EclectEcon

Economics and the mid-life crisis have much in common: Both dwell on foregone opportunities

C'est la vie; c'est la guerre; c'est la pomme de terre . . . . . . . . . . . . . email: jpalmer at uwo dot ca


. . . . . . . . . . .Richard Posner should be awarded the next Nobel Prize in Economics . . . . . . . . . . . .

Thursday, December 23, 2004

Grinching and Altruism

Sometimes the thought isn't enough, especially when you figure out how much utility is lost with futile gift exchanges. Here's what Justin Stone posted to Lloyd Cohen's Economics and Law e-mail list on December 22nd (quoted in full with permission):

It's that time of year again, when we wade through crowds to buy people we don't really know things they don't really want . . .
It is obvious that (in economic terms) gift-exchanging between peers is a negative-sum game. If I am part of a group of 5 that has agreed to spend exactly $50 on each other, the result is a net decrease in total welfare.
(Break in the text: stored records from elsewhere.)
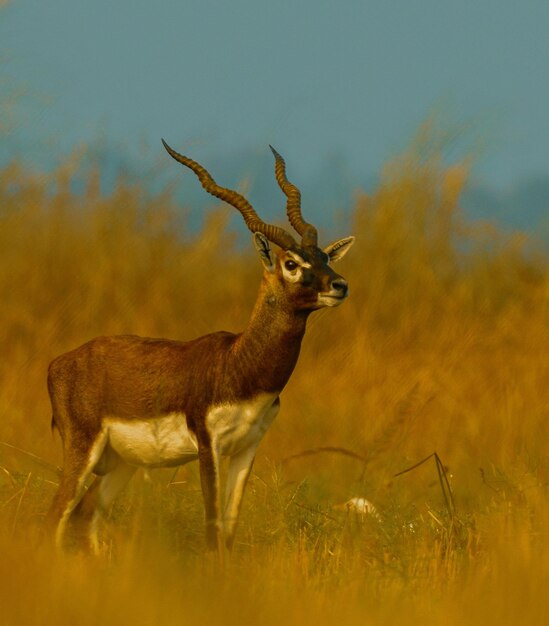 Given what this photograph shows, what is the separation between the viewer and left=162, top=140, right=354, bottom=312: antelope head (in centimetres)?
638

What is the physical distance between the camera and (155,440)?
22.0 ft

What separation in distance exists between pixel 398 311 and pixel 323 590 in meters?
6.85

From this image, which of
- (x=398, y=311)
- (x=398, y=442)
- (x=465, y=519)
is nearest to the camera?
(x=465, y=519)

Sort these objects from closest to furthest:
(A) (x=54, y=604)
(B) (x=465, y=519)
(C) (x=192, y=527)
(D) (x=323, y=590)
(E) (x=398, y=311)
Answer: (A) (x=54, y=604), (D) (x=323, y=590), (C) (x=192, y=527), (B) (x=465, y=519), (E) (x=398, y=311)

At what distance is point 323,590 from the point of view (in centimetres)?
514

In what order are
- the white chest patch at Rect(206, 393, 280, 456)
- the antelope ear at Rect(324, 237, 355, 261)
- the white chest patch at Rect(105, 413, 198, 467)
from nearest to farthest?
the white chest patch at Rect(206, 393, 280, 456) → the white chest patch at Rect(105, 413, 198, 467) → the antelope ear at Rect(324, 237, 355, 261)

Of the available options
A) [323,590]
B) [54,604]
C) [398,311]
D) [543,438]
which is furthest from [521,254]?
[54,604]

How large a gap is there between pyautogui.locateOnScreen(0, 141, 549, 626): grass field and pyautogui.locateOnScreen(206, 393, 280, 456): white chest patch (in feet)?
1.00

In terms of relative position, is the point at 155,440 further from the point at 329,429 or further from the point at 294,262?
the point at 329,429

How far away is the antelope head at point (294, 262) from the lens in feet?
20.9

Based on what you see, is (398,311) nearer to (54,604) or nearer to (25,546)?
(25,546)

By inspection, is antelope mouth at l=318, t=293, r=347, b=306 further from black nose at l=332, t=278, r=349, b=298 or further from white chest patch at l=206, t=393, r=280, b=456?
white chest patch at l=206, t=393, r=280, b=456

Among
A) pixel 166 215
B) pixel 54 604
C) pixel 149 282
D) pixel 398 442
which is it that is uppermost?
pixel 166 215

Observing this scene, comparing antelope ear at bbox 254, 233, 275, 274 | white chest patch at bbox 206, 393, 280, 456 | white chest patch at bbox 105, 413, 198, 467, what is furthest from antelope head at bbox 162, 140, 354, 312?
white chest patch at bbox 105, 413, 198, 467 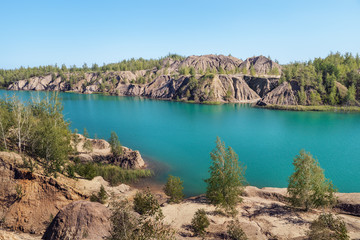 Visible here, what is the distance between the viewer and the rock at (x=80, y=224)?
18.0 m

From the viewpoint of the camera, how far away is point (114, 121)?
85.9 m

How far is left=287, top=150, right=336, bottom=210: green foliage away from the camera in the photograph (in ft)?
80.8

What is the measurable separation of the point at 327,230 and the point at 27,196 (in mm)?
30326

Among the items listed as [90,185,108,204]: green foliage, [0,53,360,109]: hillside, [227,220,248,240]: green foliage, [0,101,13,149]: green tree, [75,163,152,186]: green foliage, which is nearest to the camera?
[227,220,248,240]: green foliage

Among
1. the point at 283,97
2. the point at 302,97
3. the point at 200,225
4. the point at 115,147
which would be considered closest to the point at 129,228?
the point at 200,225

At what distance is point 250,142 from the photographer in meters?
60.3

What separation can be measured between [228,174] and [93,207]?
51.2 ft

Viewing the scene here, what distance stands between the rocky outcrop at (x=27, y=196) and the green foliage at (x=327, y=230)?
85.1ft

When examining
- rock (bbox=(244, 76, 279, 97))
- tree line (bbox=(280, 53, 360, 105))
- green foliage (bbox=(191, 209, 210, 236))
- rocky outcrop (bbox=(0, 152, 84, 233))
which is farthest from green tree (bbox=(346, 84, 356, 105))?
rocky outcrop (bbox=(0, 152, 84, 233))

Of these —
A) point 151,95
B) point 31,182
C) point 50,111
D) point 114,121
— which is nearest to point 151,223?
point 31,182

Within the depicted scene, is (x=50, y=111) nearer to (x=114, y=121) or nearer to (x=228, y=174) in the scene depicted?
(x=228, y=174)

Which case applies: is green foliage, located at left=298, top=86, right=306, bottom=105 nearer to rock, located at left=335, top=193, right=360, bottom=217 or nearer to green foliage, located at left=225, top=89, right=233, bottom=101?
green foliage, located at left=225, top=89, right=233, bottom=101

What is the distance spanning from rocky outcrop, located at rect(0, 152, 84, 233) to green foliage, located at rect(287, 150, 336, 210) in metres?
27.2

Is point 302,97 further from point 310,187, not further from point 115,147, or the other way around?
point 115,147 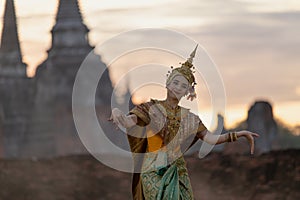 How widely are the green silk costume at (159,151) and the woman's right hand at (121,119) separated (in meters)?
0.31

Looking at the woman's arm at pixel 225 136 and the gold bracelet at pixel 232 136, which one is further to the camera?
Answer: the gold bracelet at pixel 232 136

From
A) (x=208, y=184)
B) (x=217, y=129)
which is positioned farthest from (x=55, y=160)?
(x=217, y=129)

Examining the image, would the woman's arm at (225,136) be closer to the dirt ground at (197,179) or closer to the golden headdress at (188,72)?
the golden headdress at (188,72)

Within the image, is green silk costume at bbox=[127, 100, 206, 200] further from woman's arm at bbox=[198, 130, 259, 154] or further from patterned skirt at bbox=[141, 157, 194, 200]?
woman's arm at bbox=[198, 130, 259, 154]

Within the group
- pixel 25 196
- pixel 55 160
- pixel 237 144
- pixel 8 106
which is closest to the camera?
pixel 25 196

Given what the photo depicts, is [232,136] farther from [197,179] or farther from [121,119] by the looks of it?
[197,179]

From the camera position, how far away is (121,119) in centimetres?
1288

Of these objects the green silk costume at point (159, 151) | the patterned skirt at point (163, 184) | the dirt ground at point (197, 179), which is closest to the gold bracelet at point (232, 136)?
the green silk costume at point (159, 151)

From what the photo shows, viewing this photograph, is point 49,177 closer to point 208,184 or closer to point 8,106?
point 208,184

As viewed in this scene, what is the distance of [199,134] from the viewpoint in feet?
44.8

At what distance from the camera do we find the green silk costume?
530 inches

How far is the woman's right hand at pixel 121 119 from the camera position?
504 inches

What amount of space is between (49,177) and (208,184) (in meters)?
3.07

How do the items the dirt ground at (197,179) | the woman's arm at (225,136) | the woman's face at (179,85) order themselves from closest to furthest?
the woman's arm at (225,136)
the woman's face at (179,85)
the dirt ground at (197,179)
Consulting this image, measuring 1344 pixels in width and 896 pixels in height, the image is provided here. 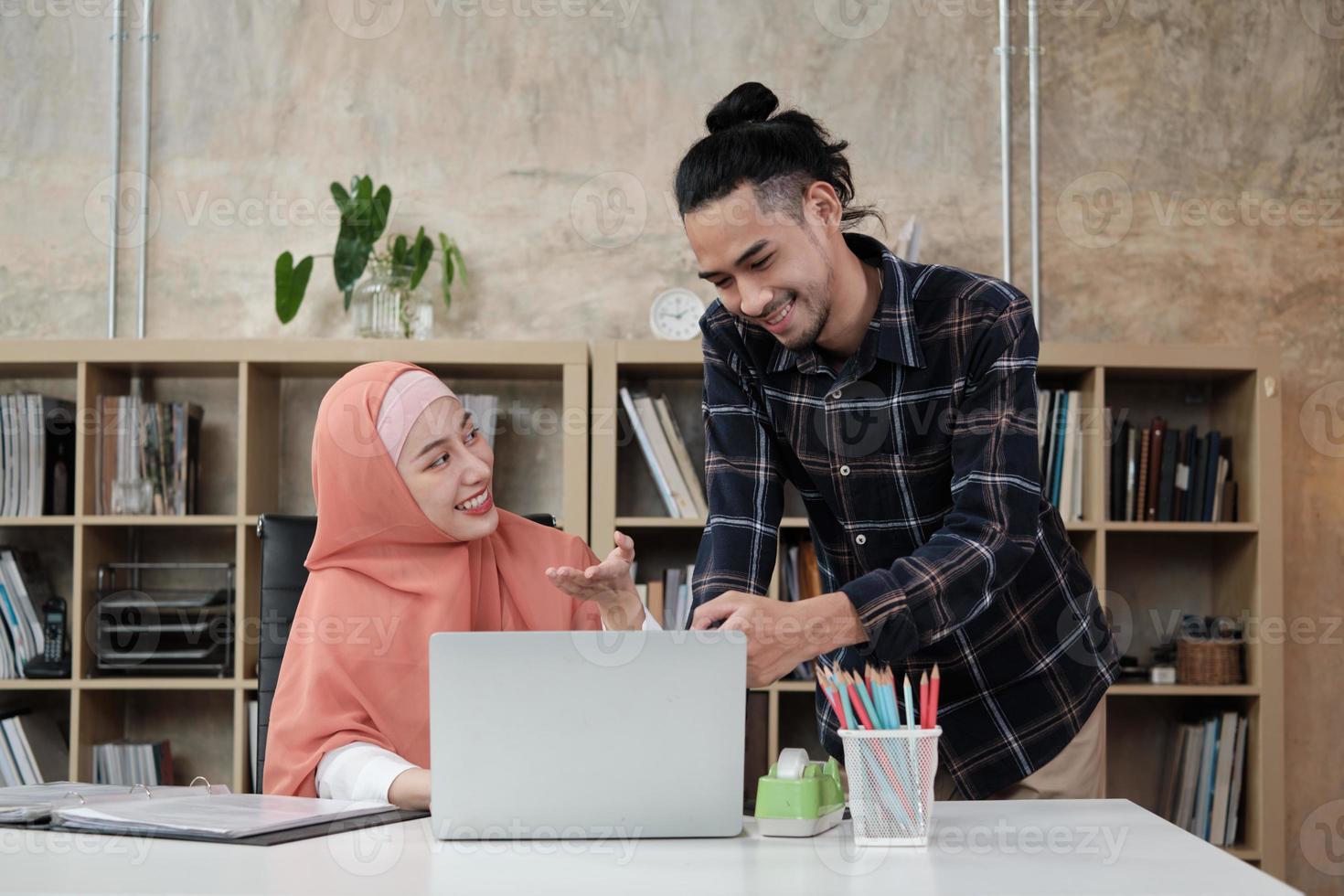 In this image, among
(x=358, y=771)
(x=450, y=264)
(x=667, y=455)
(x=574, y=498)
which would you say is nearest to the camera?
(x=358, y=771)

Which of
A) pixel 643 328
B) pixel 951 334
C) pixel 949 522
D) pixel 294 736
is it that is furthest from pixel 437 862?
pixel 643 328

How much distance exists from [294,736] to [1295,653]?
2726mm

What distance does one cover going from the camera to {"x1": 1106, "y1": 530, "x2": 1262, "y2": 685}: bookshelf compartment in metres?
3.29

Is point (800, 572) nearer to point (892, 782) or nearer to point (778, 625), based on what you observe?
point (778, 625)

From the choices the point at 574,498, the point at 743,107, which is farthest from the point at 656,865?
the point at 574,498

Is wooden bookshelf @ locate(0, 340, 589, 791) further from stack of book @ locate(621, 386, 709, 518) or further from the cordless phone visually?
stack of book @ locate(621, 386, 709, 518)

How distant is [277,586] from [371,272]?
4.39ft

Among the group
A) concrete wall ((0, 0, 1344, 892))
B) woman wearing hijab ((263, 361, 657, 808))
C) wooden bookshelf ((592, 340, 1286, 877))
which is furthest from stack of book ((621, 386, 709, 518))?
woman wearing hijab ((263, 361, 657, 808))

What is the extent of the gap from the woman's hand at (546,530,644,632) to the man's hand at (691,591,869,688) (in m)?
0.18

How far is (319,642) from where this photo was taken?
1.74 meters

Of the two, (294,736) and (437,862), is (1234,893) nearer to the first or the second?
(437,862)

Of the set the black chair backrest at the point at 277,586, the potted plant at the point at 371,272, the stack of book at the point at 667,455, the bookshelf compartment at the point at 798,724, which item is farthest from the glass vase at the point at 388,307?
the bookshelf compartment at the point at 798,724

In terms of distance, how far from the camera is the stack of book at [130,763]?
3.05 metres

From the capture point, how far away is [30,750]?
3057 millimetres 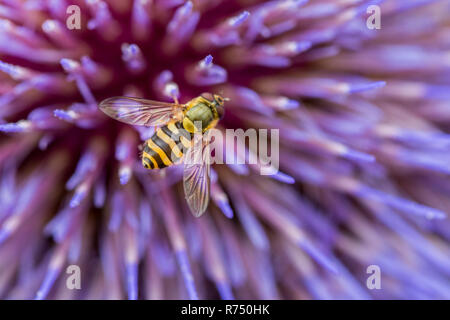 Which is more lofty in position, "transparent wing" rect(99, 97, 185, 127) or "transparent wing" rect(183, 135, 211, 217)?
"transparent wing" rect(99, 97, 185, 127)

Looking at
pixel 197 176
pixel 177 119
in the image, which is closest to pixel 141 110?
pixel 177 119

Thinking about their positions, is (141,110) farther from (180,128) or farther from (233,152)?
(233,152)

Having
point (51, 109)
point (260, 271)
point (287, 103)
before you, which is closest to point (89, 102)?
point (51, 109)

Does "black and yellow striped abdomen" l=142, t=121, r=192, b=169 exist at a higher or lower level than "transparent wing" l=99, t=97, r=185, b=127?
lower

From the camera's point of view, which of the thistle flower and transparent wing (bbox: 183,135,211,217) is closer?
transparent wing (bbox: 183,135,211,217)

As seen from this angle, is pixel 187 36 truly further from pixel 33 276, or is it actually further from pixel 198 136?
pixel 33 276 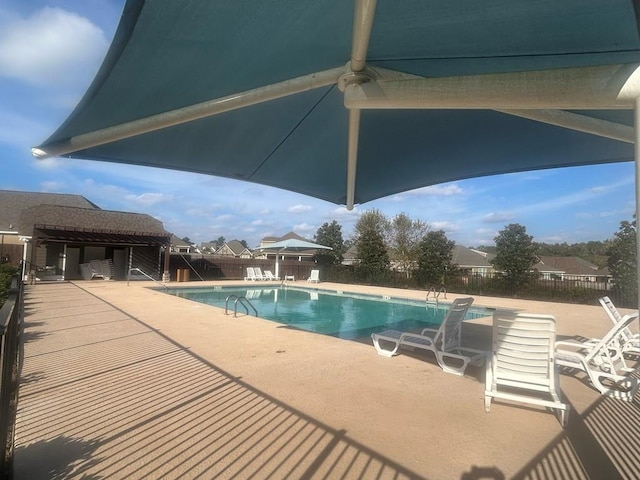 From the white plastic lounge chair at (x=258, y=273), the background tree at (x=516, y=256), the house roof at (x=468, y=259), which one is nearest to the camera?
the background tree at (x=516, y=256)

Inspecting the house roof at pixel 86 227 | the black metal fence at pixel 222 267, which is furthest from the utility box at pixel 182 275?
the house roof at pixel 86 227

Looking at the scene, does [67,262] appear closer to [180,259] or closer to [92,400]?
[180,259]

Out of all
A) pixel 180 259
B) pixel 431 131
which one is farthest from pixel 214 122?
pixel 180 259

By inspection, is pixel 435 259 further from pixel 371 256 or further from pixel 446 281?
pixel 371 256

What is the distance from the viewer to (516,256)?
17359 millimetres

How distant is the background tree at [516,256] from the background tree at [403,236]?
1662 cm

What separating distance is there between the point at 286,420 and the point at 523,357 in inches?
95.4

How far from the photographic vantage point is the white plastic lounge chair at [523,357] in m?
3.61

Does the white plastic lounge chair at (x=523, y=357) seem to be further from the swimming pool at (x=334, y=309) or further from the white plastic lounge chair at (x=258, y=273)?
the white plastic lounge chair at (x=258, y=273)

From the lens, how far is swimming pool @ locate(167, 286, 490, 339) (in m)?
10.6

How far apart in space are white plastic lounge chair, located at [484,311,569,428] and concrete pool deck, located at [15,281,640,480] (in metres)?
0.25

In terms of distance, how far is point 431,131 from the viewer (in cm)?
400

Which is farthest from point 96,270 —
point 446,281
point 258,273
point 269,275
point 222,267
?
point 446,281

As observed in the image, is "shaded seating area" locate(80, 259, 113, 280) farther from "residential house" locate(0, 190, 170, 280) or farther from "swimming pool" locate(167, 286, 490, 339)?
"swimming pool" locate(167, 286, 490, 339) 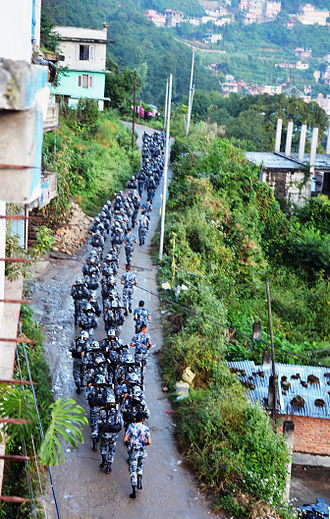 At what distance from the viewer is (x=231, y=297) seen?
21.7 meters

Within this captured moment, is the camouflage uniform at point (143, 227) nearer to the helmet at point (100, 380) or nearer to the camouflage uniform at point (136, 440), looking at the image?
the helmet at point (100, 380)

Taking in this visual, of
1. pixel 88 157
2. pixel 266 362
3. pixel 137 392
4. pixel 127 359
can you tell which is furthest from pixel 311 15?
pixel 137 392

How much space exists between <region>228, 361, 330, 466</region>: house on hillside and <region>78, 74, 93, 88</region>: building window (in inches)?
1260

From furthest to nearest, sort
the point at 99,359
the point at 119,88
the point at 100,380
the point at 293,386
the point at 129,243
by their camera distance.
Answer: the point at 119,88 → the point at 129,243 → the point at 293,386 → the point at 99,359 → the point at 100,380

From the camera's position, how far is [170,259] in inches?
872

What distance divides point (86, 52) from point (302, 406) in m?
33.5

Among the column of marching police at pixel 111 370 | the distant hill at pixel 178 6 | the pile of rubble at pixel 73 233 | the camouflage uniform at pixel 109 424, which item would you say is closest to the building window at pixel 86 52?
the pile of rubble at pixel 73 233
I pay $200 for gifts, and take in $200 worth of gifts, and yet each gift is (almost by definition) something I wouldn't have paid $50 for myself (if it was worth more than $50 to me, I would have bought it for myself already). And this is before considering the very real costs (in terms of time and aggravation) of choosing, finding, and acquiring the gifts. When this is added to the net welfare effect of the gift-exchange process, we see a very real drain on resources.
Of course, it is simply argued that the goodwill generated by gift-giving outweighs these costs; that the benefits of sharing gifts with loved ones make up for this huge outlay of wasted resources. To this I say: Humbug! I am legitimately happy to buy 2 or 3 gifts a year, and these typically are not peer-exchange gifts but gifts to individuals who cannot afford them for themselves (i.e., kids). The rest of my shopping I do with the sort of grim resolve usually associated with soldiers on the march. I do this shopping not out of goodwill, but out of fear of the negative social impact that would erupt if I didn't produce some offering for (for example) my fiancee's brother-in-law. Fear of retribution is not an offsetting benefit -- it is an additional cost!
It is clear that the lawmaking bodies of this great nation need to step in and outlaw peer-exchange gifting holidays. These occasions and the social pressures they create generate negative externalities that create net negative welfare effects. Only through government action, complete with criminal sanctions for transgressors, can these problems be overcome.
And then, maybe, I could get my Christmas shopping
done.
I was quite amused by this rant; I had discussed "re-gifting" with some of my fellow actors the other night, and we all agreed that the practice helps reduce the inefficiency identified by Justin (although the discussion was not exactly in those terms).
And not everyone agrees with Justin (although I think there's a fair-sized chunk of his tongue firmly planted in his cheek with some of this). Nicholas Georgakopoulos quickly replied to Justin's post (again, quoted in full with permission):

Having just returned from a hour wasted selecting gifts at a bookstore, I more than share the frustration at the inefficiency of gift-giving. Yet, we are forced by social norms to do it. Inefficient as the norm may be in terms of immediate utility, however, it may be efficient as a signal.
When someone gets me a gift that I really enjoy receiving, it shows that this person has (a) understood my utility function; and (b) managed to produce an item that increases it. I think these are two very important pieces of information for peer relationships. It may be one of the few true signals about who is really your friend.
As much as I agree with Justin's sentiments, I also like what Nicholas wrote. I can remain civil and pleasant to someone who gives me a fruitcake (especially if I'm able to "regift" it), but if I receive something that adds to my utility, I'm pleased, especially if it is something for which (unlike Justin) I wouldn't have wanted to spend the money but which I am delighted to receive (e.g. an expensive bottle of bourbon).
Furthermore, even though I know and teach the indifference curve analysis about how giving cash is better than giving subsidies in-kind, I still want some people to know how much I care for them, and I can signal that by, as Nicholas indicates, showing that I care enough to select something that will add a lot to their utility. [ironically, this is from someone who was, until yesterday, considering
skipping Christmas]. And don't forget, shared experiences are the best gifts.